Establishing a Connection

CREATE SUBSCRIPTION localharvest_sub
  CONNECTION 'host=db1 dbname=localharvest user=localharvest password=XXXXXX'
  PUBLICATION localharvest_pub;

Add WITH ( copy_data=false ) if the table already contains a snapshot of the data.

Tables must have a primary key, otherwise, you'll see this unhelpful error

ERROR:  relation "public.farmer" does not exist

Also, you can only connect to a master

ERROR:  could not create replication slot "localharvest_sub": ERROR:  logical decoding cannot be used while in recovery

Once a subscription is created a corresponding replication slot is created on the master

localharvest=# \x
localharvest=# select * from pg_replication_slots;
-[ RECORD 1 ]-------+-----------------
slot_name           | localharvest_sub
plugin              | pgoutput
slot_type           | logical
datoid              | 16478
database            | localharvest
temporary           | f
active              | t
active_pid          | 41867
xmin                |
catalog_xmin        | 606
restart_lsn         | 0/16C0280
confirmed_flush_lsn | 0/16C02B8

Triggers

Postgres will run triggers on a replicated table, if you set it to respond to remote updates

ALTER TABLE farmer ENABLE REPLICA TRIGGER;

Mirroring Table Definitions

The synchronization of table contents is handled automatically, providing you have created the tables in both places.

# publisher
pg_dump -s -t farmer -t product > replicated_tables.sql
# subscriber
psql -f replicated_tables.sql

If a column is added in one database, replication will be blocked but PostgreSQL will retry until the schema change has been applied to all of the subscribers as well.

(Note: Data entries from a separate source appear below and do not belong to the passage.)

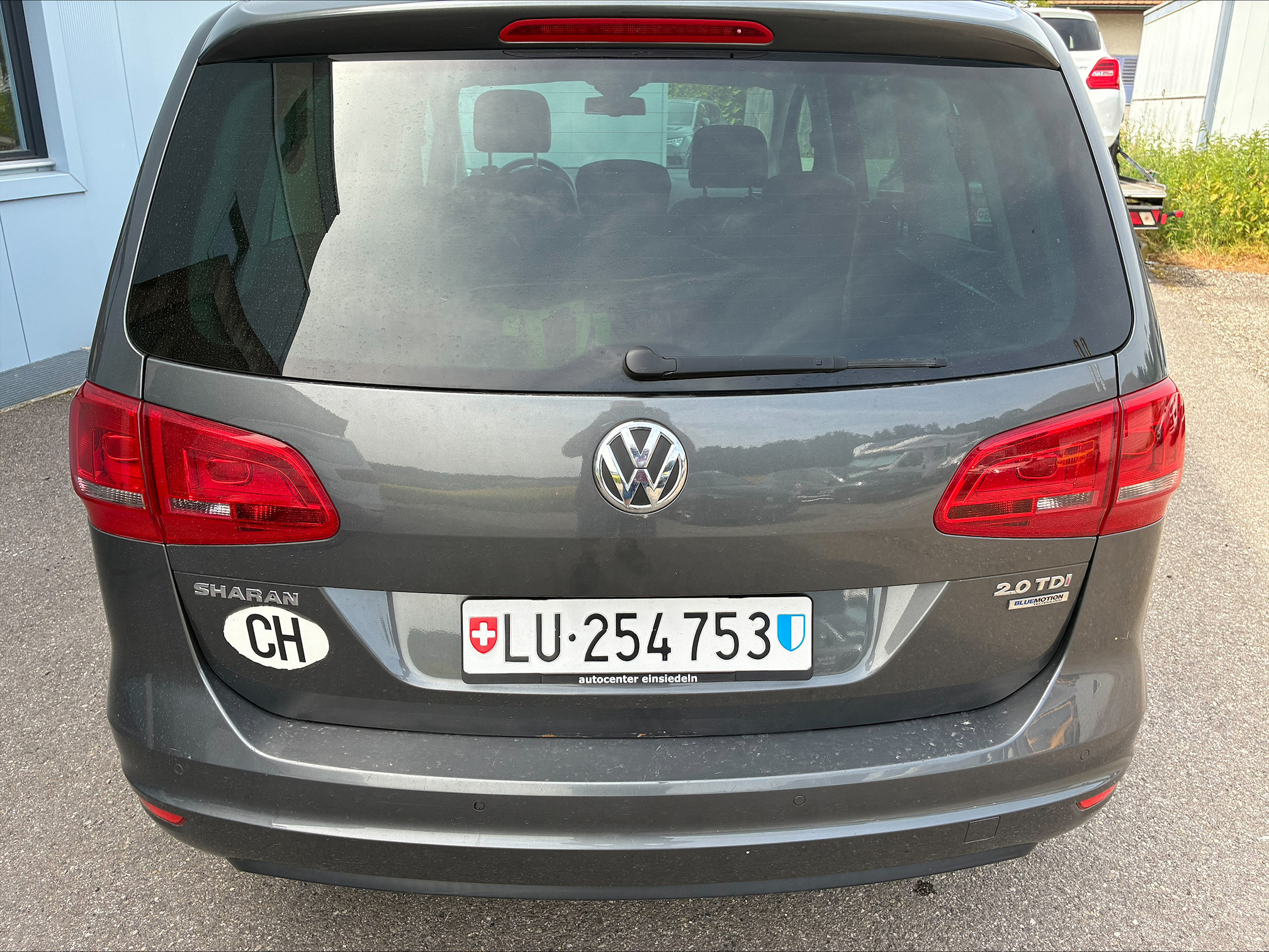 VW Sharan 2.0D B M T — zdjęcie 5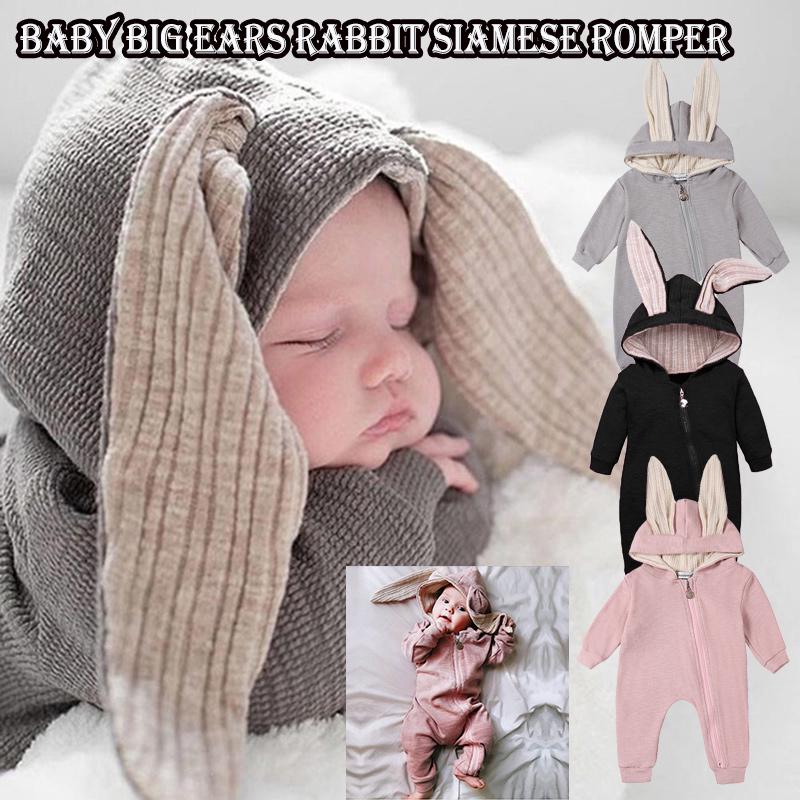baby rabbit jumpsuit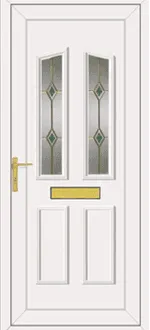 Clinton Two Green Fusion Gold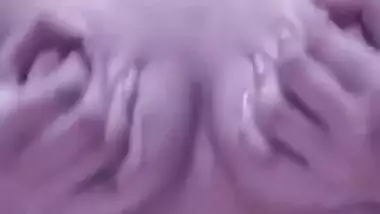 Indian sexy babe fingering hot pussy and showing boobs part 2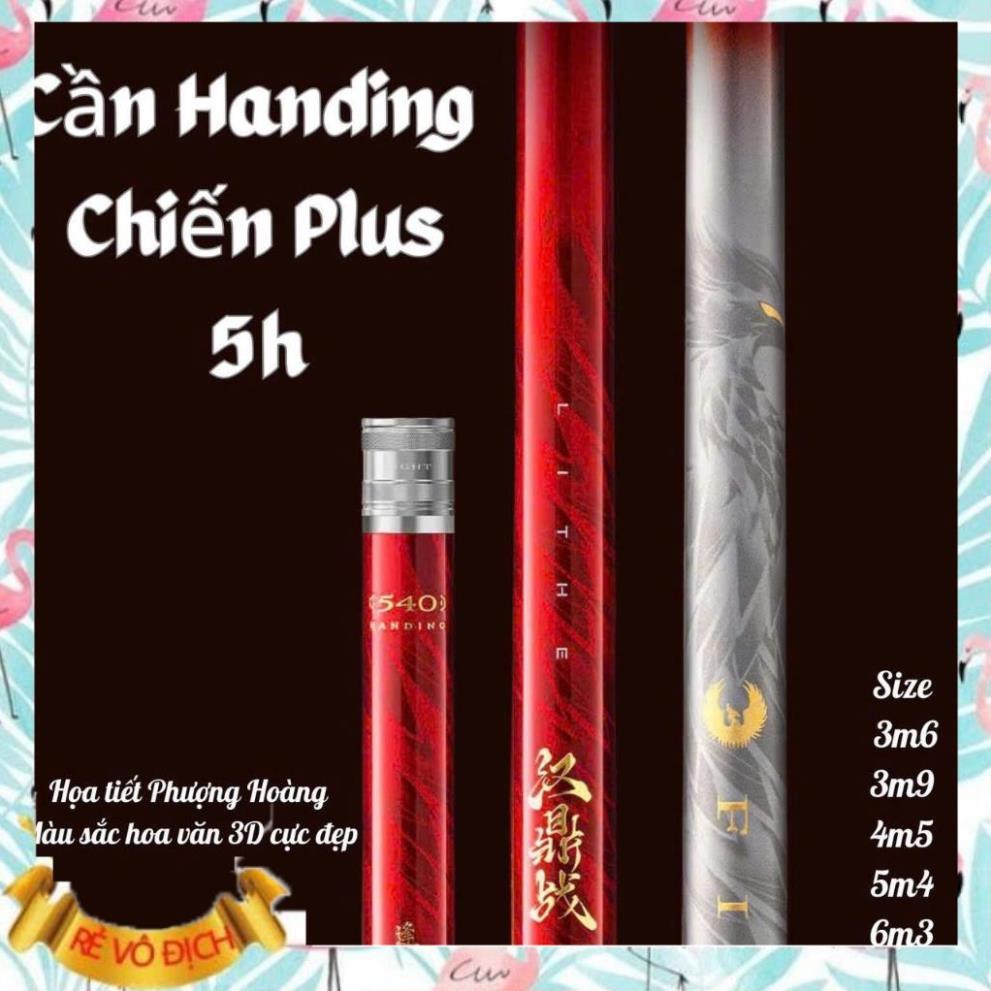 [HOT] Cần Câu Tay HanDing Chiến Plus 5H -28i Câu Tổng HợpTặng Kèm Ngọn Phụ . docauphuckhang25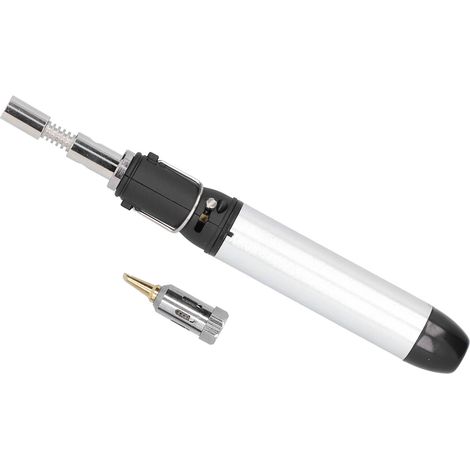 Fer à souder à gaz, chalumeau à butane sans fil, pistolet à souder stylo, entretien réduit, rechargeable, outil de soudage HT1937 (1/5)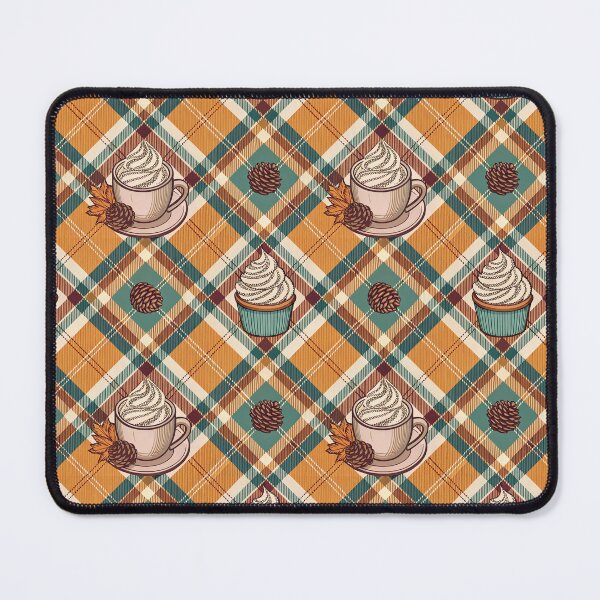 Item preview, Aesthetically pleasing Christmas checkered pattern designed and sold by Merrylands Artshop.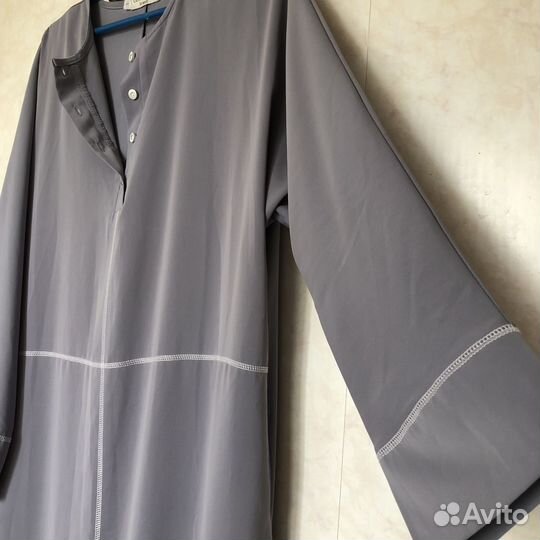 Абая с широким рукавом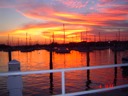 Sunset at Dinner Key
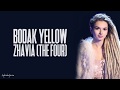 Zhavia - Bodak Yellow (Lyrics)(The Four)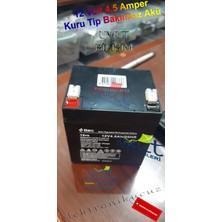 Ttec Hhm - 12V Volt 4.5A Bakımsız Kuru Tip Akü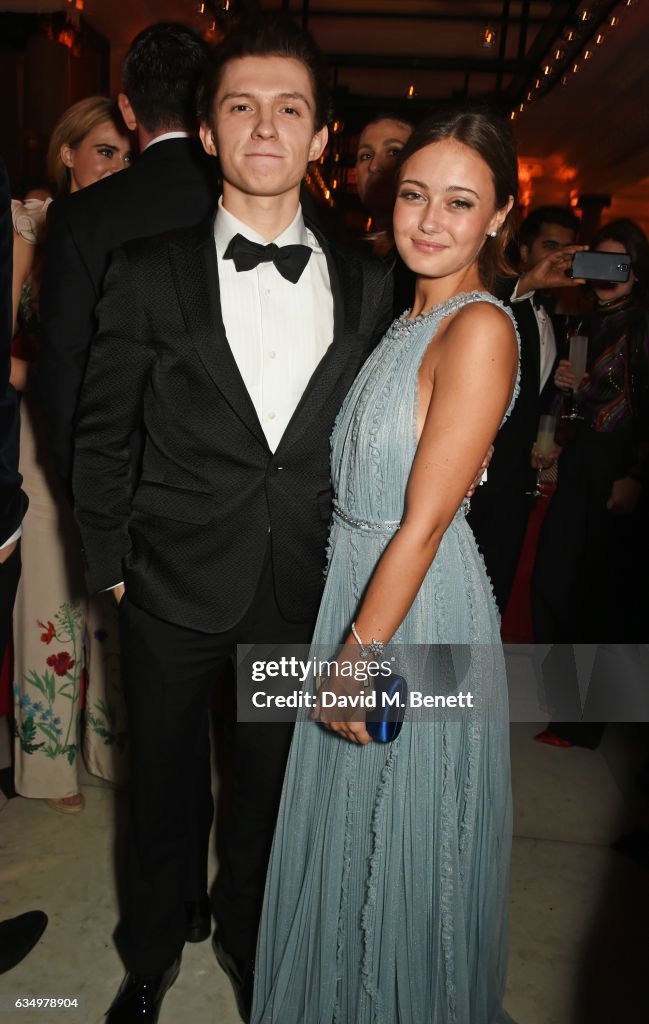 The Weinstein Company, Entertainment Film Distributors, Studiocanal 2017 BAFTA After Party In Partnership with Ben Sherman, Kat Florence at Rosewood London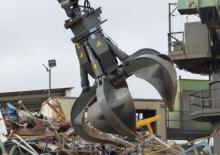 Hydraulické drapákové lopaty Arden GA550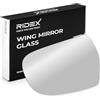 RIDEX 1914M0182 Vetro specchio specchio esterno Destra Compatibilità con AUDI A3 Sportback 8PA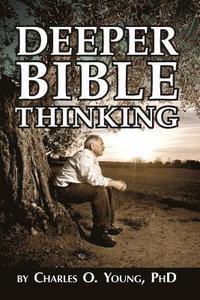 bokomslag Deeper Bible Thinking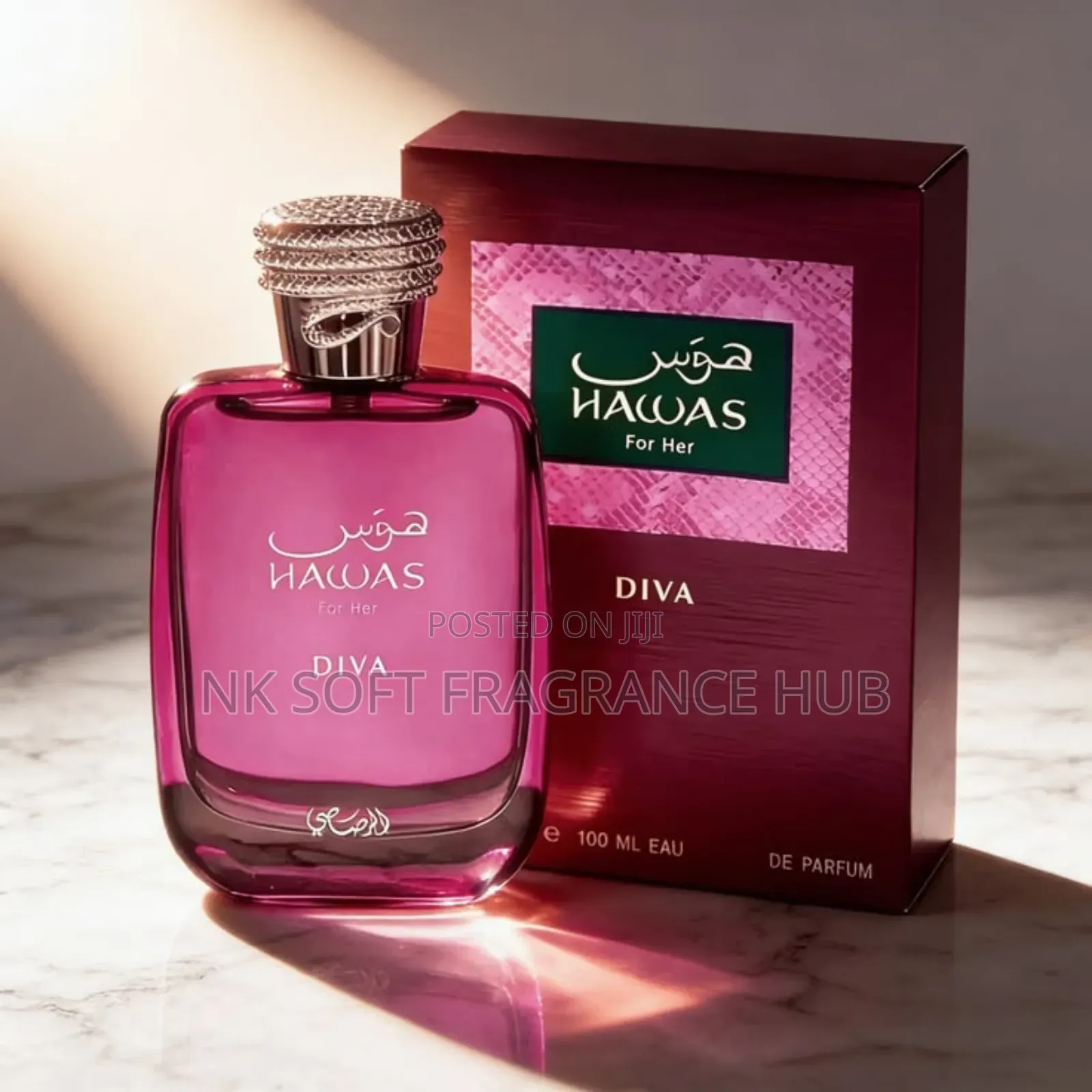Hawas Diva Edp 100ml by Rasasi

Promoting a New Master (publisher)

If you promote a standby to a master and change the DNS name pointing to it the logical replication launcher will resolve the new name. There is one manual step however; physical replication does not copy replication slots, so in the case of failover we need to create a slot manually

SELECT pg_create_logical_replication_slot('localharvest_sub', 'pgoutput');

Shortly after this slot appears the subscriber will receive missing updates.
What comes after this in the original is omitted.